Humble cabbage becomes something special when cooked with a bit of butter or oil until just tender.
Cabbage is often hidden. Cooked to death in a soup or drowned in sauce or slathered with dressing. Here, this humble head of compact leaves is allowed to be itself, gently cooked with a bit of butter until just tender. Simple, easy, and utterly satisfying. Divine with a few lamb chops or a shepherd’s pie or a seared steak or a rotisserie chicken. Or, keep things traditional and offer a few sausages and potatoes alongside. Find inspiration for endless variations at the end of the recipe—this simple technique easily morphs into a whole range of different flavors. Best of all, this gentle but not-too-long cooking method keeps the cabbage from getting stinky.

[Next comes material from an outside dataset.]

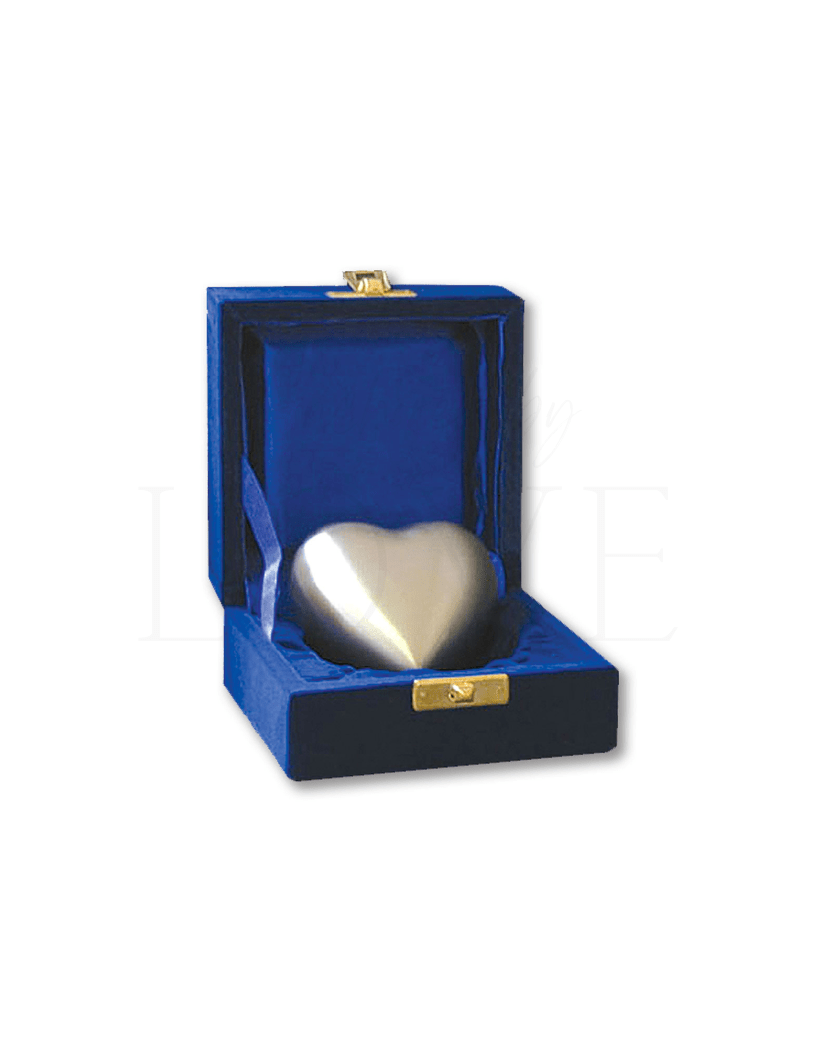 Heart Keepsake Urn - Pewter - Anchored by Love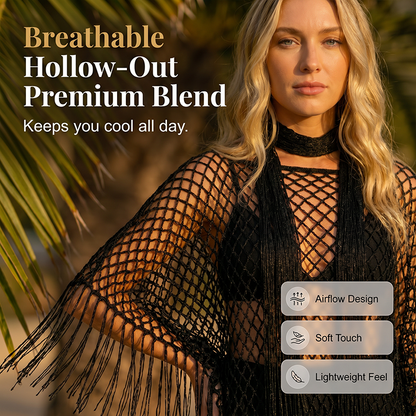🏖️LAST DAY SALE !🔥JCUK Summer Metallic Crochet Cover-Up – Lightweight, Flowy & Effortlessly Stylish 🌊☀️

- 1 small head savoy cabbage or green cabbage
- 3 tablespoons butter
- 1/2 teaspoon salt
- Remove and discard any bruised or wilted leaves on the outside of the cabbage. Cut it into quarters and cut out the core from each (or cut out the core and then quarter). Discard the core or slice it very thinly and cook it with the cabbage.
- Melt the butter in a wide sauté or braising pan over medium-high heat. Once the butter is melted, add the cabbage and sprinkle in the salt. Stir to coat the cabbage evenly with the butter, pour in 1/4 cup of water, cover, and reduce the heat to low-medium. Cook undisturbed for 5 minutes, stir, cover again, and cook for 5 more minutes, adjusting the heat to keep the liquid steaming but the cabbage not browning or sticking too much. Add 1 tablespoon or so of water if the cabbage starts to stick to the pan. Cook until the cabbage is tender but not mushy, about 20 minutes total. Serve hot or warm.
Mix up the liquid. Use chicken stock or dry white wine instead of the water as braising liquid to add extra flavor. If you use stock, you may need extra to avoid having the cabbage stick to the pan.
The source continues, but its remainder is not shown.